FIG 6.

Both the E2 K200R mutation and the deletion in the 3′-UTR contribute to enhanced viral pathogenicity in mice. (A and B) WT C57BL/6J mice were inoculated with 10³ PFU of AF15561 (n = 8), AF15561^{E2 K200R;ΔUTR} (n = 8), AF15561^{E2 K200R} (n = 8), or AF15561^ΔUTR (n = 8) in the left rear footpad. The percent starting body weight (A) and disease score (B) were determined daily. Data are derived from results from two independent experiments. P values were determined by two-way ANOVA with Bonferroni's multiple-comparison test. **, P < 0.01; ***, P < 0.001. The P values displayed are for AF15561^{E2 K200R;ΔUTR} versus AF15561^{E2 K200R}. (C) WT C57BL/6J mice were inoculated with 10³ PFU of AF15561 (n = 6), AF15561^{E2 K200R;ΔUTR} (n = 6), AF15561^{E2 K200R} (n = 6), or AF15561^ΔUTR (n = 6) in the left rear footpad.

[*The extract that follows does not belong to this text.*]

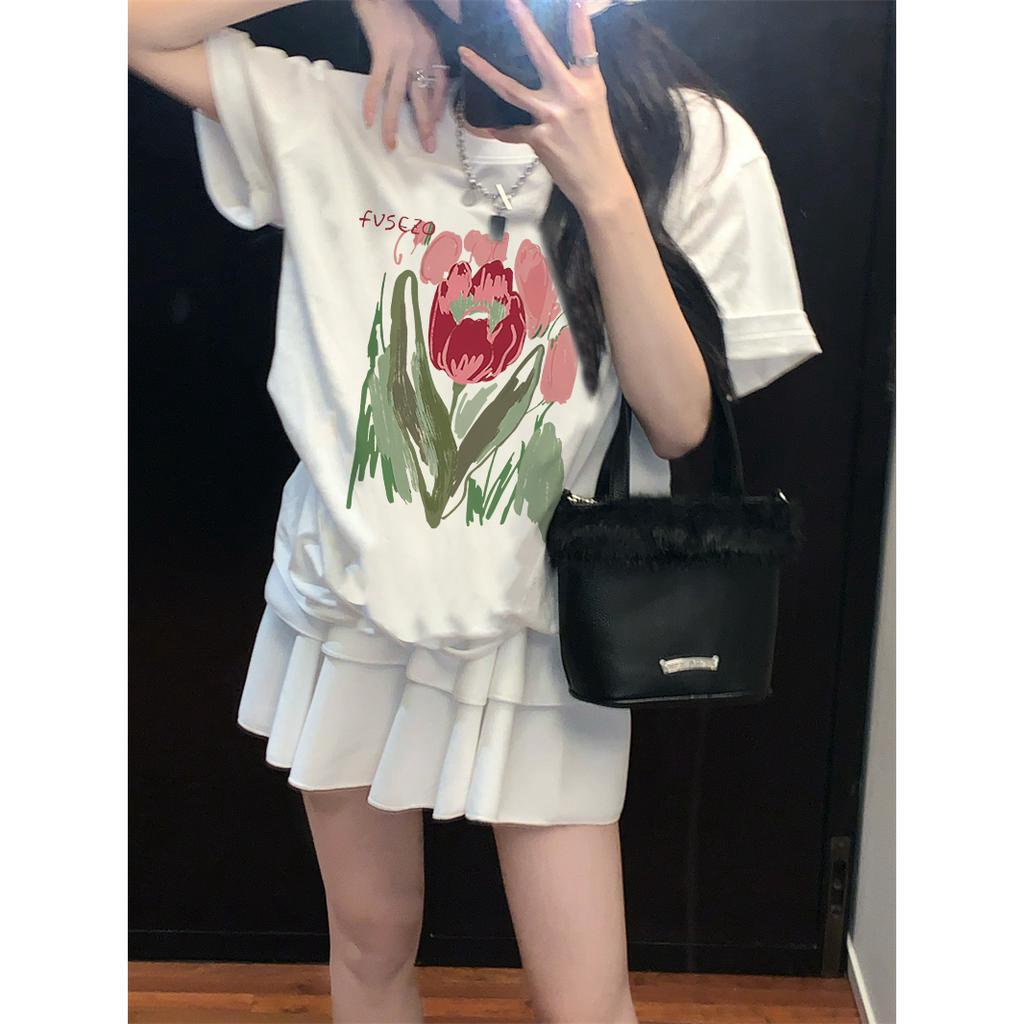 EUNII T-shirt Lengan Pendek Cartoon Oil Painting Flowers Korean Style/Kaos Atasan Wanita/Baju Kaus Oversize Wanita/Kaos Wanita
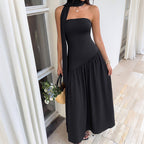 Damen Elegantes Maxikleid mit asymmetrischem Saum und schickem Trägerdesign EB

At 1 dpi, mice were euthanized, and the amount of infectious virus in the indicated tissues was quantified by a focus-forming assay. Data are derived from results from two independent experiments. P values were determined by a Kruskal-Wallis test with Dunn's multiple-comparison test. *, P < 0.05; **, P < 0.01; ***, P < 0.001.